Custom tools and retrieval sources

Follow these instructions to create your own custom tools.

Step 1: Choose a Tool to Implement

You can take a tool implementation easily from:

LangChain
- Tools: Tools | 🦜️🔗 LangChain
- Retrievers: Retrievers | 🦜️🔗 LangChain
- Vector Store: Vector stores | 🦜️🔗 LangChain
Llama index
- Data Connectors: Data Connectors | Llama Index
Connector
- https://github.com/cohere-ai/quick-start-connectors
Custom implementation

Step 2: Select Your Tool Type

There are three types of tools:

Data Loader: This tool type retrieves data from a source. Examples include the LangChain Wikipedia retriever and Arxiv.
File Loader: This tool type loads and parses files. Examples include the LangChain Vector DB Retriever and LlamaIndex Upload PDF Retriever.
Function: This is a unique tool type that performs a specific action. Examples include the Python Interpreter and Calculator.

Step 3: Implement the Tool

Add your tool implementation here (please note that this link might change). The specific subfolder used will depend on the type of tool you're implementing.

If you need to install a new module to run your tool, execute the following command and run make dev again.

poetry add <MODULE> --group community

If you're working on a File or Data Loader, follow the steps outlined in Implementing a Retriever.

If you're implementing a Function Tool, refer to the steps in Implementing a Function Tool.

Implementing a Retriever

Add the implementation inside a tool class that inherits BaseRetrieval and needs to implement the function def retrieve_documents(self, query: str, **kwargs: Any) -> List[Dict[str, Any]]:

You can define custom configurations for your tool within the __init__ function. Set the exact values for these variables during Step 4.

You can also develop a tool that requires a token or authentication.

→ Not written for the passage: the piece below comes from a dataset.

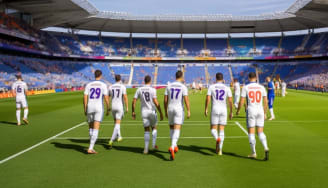 A busca do Real Madrid pelo título da La Liga: confronto com o Getafe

To do this, simply set your variable in the .env file.

For example, for Wikipedia we have a custom configuration:

class LangChainWikiRetriever(BaseRetrieval):
    """
    This class retrieves documents from Wikipedia using the langchain package.
    This requires wikipedia package to be installed.
    """

    def __init__(self, chunk_size: int = 300, chunk_overlap: int = 0):
        self.chunk_size = chunk_size
        self.chunk_overlap = chunk_overlap

    def retrieve_documents(self, query: str, **kwargs: Any) -> List[Dict[str, Any]]:
        wiki_retriever = WikipediaRetriever()
        docs = wiki_retriever.get_relevant_documents(query)
        text_splitter = CharacterTextSplitter(
            chunk_size=self.chunk_size, chunk_overlap=self.chunk_overlap
        )
        documents = text_splitter.split_documents(docs)
        return [
            {
                "text": doc.page_content,
                "title": doc.metadata.get("title", None),
                "url": doc.metadata.get("source", None),
            }
            for doc in documents
        ]

And for internet search, we need an API key

class TavilyInternetSearch(BaseRetrieval):
    def __init__(self):
        if "TAVILY_API_KEY" not in os.environ:
            raise ValueError("Please set the TAVILY_API_KEY environment variable.")

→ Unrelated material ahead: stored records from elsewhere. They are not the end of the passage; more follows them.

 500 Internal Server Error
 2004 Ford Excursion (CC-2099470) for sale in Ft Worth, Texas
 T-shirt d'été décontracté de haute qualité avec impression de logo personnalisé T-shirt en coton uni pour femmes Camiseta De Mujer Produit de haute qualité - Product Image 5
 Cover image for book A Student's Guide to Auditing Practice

        self.api_key = os.environ["TAVILY_API_KEY"]
        self.client = TavilyClient(api_key=self.api_key)

    def retrieve_documents(self, query: str, **kwargs: Any) -> List[Dict[str, Any]]:
        content = self.client.search(query=query, search_depth="advanced")

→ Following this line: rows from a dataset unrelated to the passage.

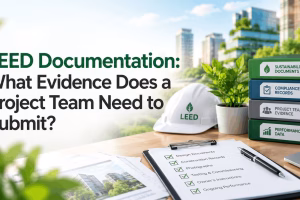 LEED Documentation: What Evidence Does a Project Team Need to Submit?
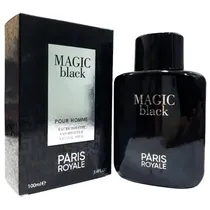 Perfume Masculino Paris Royale Magic Black Edp 100ML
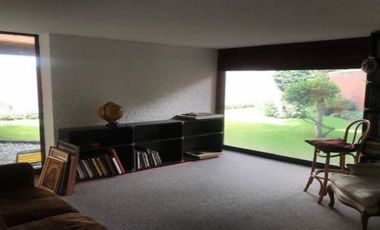 Amplia y Precios Casa de 4 Recamaras en Col. Lomas De Tecamachalco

        if "results" not in content:
            return []

        return [
            {
                "url": result["url"],
                "text": result["content"],
            }
            for result in content["results"]

Note that all Retrievers should return a list of Dicts, and each Dict should contain at least a text key.

Implementing a Function Tool

Add the implementation inside a tool class that inherits BaseFunctionTool and needs to implement the function def call(self, parameters: str, **kwargs: Any) -> List[Dict[str, Any]]:

For example, for calculator

from typing import Any
from py_expression_eval import Parser
from typing import List, Dict

from backend.tools.function_tools.base import BaseFunctionTool

class CalculatorFunctionTool(BaseFunctionTool):
    """
    Function Tool that evaluates mathematical expressions.
    """

    def call(self, parameters: str, **kwargs: Any) -> List[Dict[str, Any]]:
        math_parser = Parser()
        to_evaluate = parameters.get("code", "").replace("pi", "PI").replace("e", "E")
        result = []
        try:
            result = {"result": math_parser.parse(to_evaluate).evaluate({})}
        except Exception:
            result = {"result": "Parsing error - syntax not allowed."}
        return result

Step 4: Making Your Tool Available

To make your tool available, add its definition to the tools config here.

Start by adding the tool name to the ToolName enum found at the top of the file.

Next, include the tool configurations in the AVAILABLE_TOOLS list. The definition should include:

Name: Use the Enum definition you just created.
Implementation: Link the class you made in Step 3.
Parameter_definitions: If your class has specific configurations or fields that need to be set on __init__, set their values here.
Is_visible: A boolean value indicating whether this function should be visible in the UI.
Is_available: A boolean value indicating that this tool is ready to use. The class definition should help check for any variables or api keys that are required.
Error_message: A message returned when is_available is False.
Category: The type of tool.
Description: A brief description of the tool.
Env_vars: A list of secrets required by the tool.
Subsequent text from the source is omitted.